Jak w każdym naturalnym środowisku, Las Natoliński jest niewyobrażalnym bogactwem grzybów, nie tylko powszechnie znanych tzw. jadalnych. Od malutkich, prawie niewidocznych gołym okiem kropeczek, aż do wielkich hub obrastających wielopoziomowo umierające drzewa. Są grzyby wyspecjalizowane, jak kubianka leszczynowiec żyjąca na opadłych kwiatostanach leszczyny. Jest żółciak siarkowy również obrastający drzewa, jako młody jadalny o smaku piersi drobiowych, po ugotowaniu podobno nie do rozróżnienia. Wśród uczestników wycieczki jest spora grupa "grzybiarek", zafascynowanych i znających się na przeogromnym świecie grzybów, w którym czasem nawet człowiek może być na początku łańcucha pokarmowego...

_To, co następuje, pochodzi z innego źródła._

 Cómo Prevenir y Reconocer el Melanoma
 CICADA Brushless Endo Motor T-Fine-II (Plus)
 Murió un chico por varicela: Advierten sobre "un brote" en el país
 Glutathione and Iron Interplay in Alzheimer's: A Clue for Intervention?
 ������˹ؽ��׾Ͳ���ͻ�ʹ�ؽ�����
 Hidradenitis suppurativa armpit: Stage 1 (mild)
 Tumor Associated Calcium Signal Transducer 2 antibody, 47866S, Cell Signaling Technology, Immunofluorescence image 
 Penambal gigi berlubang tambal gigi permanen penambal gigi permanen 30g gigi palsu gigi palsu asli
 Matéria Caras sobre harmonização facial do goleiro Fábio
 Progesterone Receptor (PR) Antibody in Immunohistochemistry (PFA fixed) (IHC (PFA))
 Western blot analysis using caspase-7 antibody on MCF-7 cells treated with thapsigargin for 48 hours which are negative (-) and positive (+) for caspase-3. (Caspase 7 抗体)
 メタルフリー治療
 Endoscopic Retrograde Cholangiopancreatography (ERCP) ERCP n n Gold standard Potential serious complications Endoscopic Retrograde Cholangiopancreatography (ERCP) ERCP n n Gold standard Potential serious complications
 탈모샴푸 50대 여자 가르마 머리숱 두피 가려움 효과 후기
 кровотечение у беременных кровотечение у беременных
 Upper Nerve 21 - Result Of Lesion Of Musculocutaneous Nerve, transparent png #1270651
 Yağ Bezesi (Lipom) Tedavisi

– Grzyby widzę wszędzie – opowiada pani Iza, fanka świata grzybowego. – Zbierałam je od wczesnej młodości, głębiej zainteresowałam się w wieku dorosłym. Ludzie uganiali się za prawdziwkami, a ja widziałam, że mnóstwo innych dookoła rośnie. Zaczęłam czytać, szukać , również w Internecie, gdy się pojawił, stopniowo nawiązywałam kontakty z innymi 'grzybniętymi'. A najlepiej się człowiek uczy w terenie, spacerując, podglądając, oglądając. Ja się uczę od mądrzejszych od siebie, a chętnie dzielę się wiedzą z tymi, co wiedzą mniej. Dla mnie wszystkie grzyby są atrakcyjne, zwłaszcza te w styczniu – mówiła pani Iza.

Wśród starodrzewu Lasu Natolińskiego znajdują swój dom liczne gatunki ptaków. Spośród ważnych zasobów rezerwatu można wymienić dzięcioły. Występują tu licznie, niekiedy rzadko spotykane odmiany dzięciołów: średni, duży, mały, czarny, zielony, białoszyi zwany również syryjskim. W rezerwacie znajdują się również gniazda bociana czarnego, który dla swej egzystencji wymaga spokoju, urozmaiconego terenu i drzewostanu. Spośród ptaków drapieżnych w Lesie Natolińskim gniazdują myszołów, jastrząb i puszczyki. Regularnie pojawia się krogulec. Występuje również bardzo dużo gatunków ptaków śpiewających, wijących gniazda w podszyciu lub koronach drzew.

Las Natoliński to wspaniałe i wyjątkowe miejsce w skali europejskiej. Mamy wielkie szczęście mieszkać w pobliżu takiego miejsca. Uszanujmy to, bo tak niewiele trzeba, by ta sąsiadująca z nami autentyczna przyroda mogła egzystować i rozwijać się – wystarczy nie przeszkadzać. Odwdzięczy się nam wówczas swoim naturalnym pięknem.